Over the past few months, I have quietly left over a dozen group chats based on apparent affinities, when I realized that they were no substitute for the warmth and intimacy I had with my real-life friends. Companions who supported me well before I became pregnant or had a child; who could help me understand how to remain whole during the uncertainties of early parenthood; and who, if I had needed it, would have acted like Desiree, a character in Angela Flournoy’s new novel, The Wilderness. “Better to just show up,” Desiree thinks when she gets some odd texts from her friend January soon after she gives birth. And it’s a good thing she does, because January is on the verge of a breakdown, trapped in the house with two infants, suffering from a prolapse, and desperate to leave her husband.

Texts and group chats appear seldom in The Wilderness, which comes 10 years after Flournoy’s debut, The Turner House, a multigenerational family saga that was a finalist for the National Book Award in 2015. Yet when they do, these electronic missives give texture to the friendships between the four women who make up its core. For instance, there is the tender lightness and chaff of this exchange:

JANUARY: We could just leave. Go someplace warm and not American.NAKIA: YES! Preferably with Blacks/browns.MONIQUE: Yesssss to an escape plan.MONIQUE: But do we feel comfortable calling brown folks browns?DESIREE: LOL don’t change the subject. We goin on vacay!!!

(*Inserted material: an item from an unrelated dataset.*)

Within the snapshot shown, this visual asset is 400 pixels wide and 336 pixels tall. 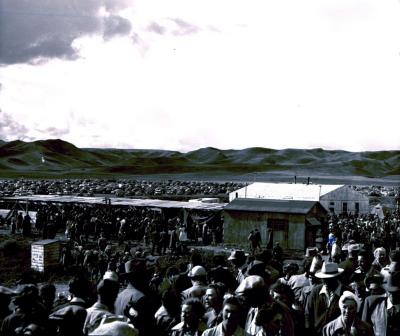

Here we have a glimpse of a group that feels genuine: born of off-screen relationships, inflected with politics without falling into formality or righteous monologue. The Wilderness follows the four friends in that chat from 2008 to 2027, though the timeline isn’t linear and the narration isn’t always strictly focused on them. The women, from their early twenties to their early forties, navigate life in Los Angeles, Chicago, and New York City; they train as chefs, physicians, or librarians; some find themselves in unfulfilling relationships, while others experience estrangement from their families. Over the course of the novel, we uncover their connections and learn how class, family background, and even hair texture have shaped their life circumstances.

There are certain templates for the novel of female friendship, and with The Wilderness, Flournoy has broken with them. All of the women are African American—notable in and of itself, in a genre that mostly celebrates white protagonists—but they are not all friends from childhood, linked by growing up in the same city or neighborhood (like Sally Rooney’s characters, or Lenù and Lila from Elena Ferrante’s Neapolitan novels). There are four of them, as opposed to the more typical pair navigating intense swings between rivalry and deep admiration; there is no singular conflict, no regular pattern of closeness and estrangement, as with the way that Lila reappears and disappears from Lenù’s life. The relationships in The Wilderness do not mirror the intensity of Jane Austen, who once wrote, “There is nothing I would not do for those who are really my friends. I have no notion of loving people by halves, it is not my nature.” By contrast, these are women whose departures from each other are constant, and often surprising. Yet the friendships persist: because they live in a digitally connected world, where people communicate through memes, social media, and text groups. Female bonds look different than they did in Austen’s era. Flournoy’s kaleidoscopic view feels true to our times.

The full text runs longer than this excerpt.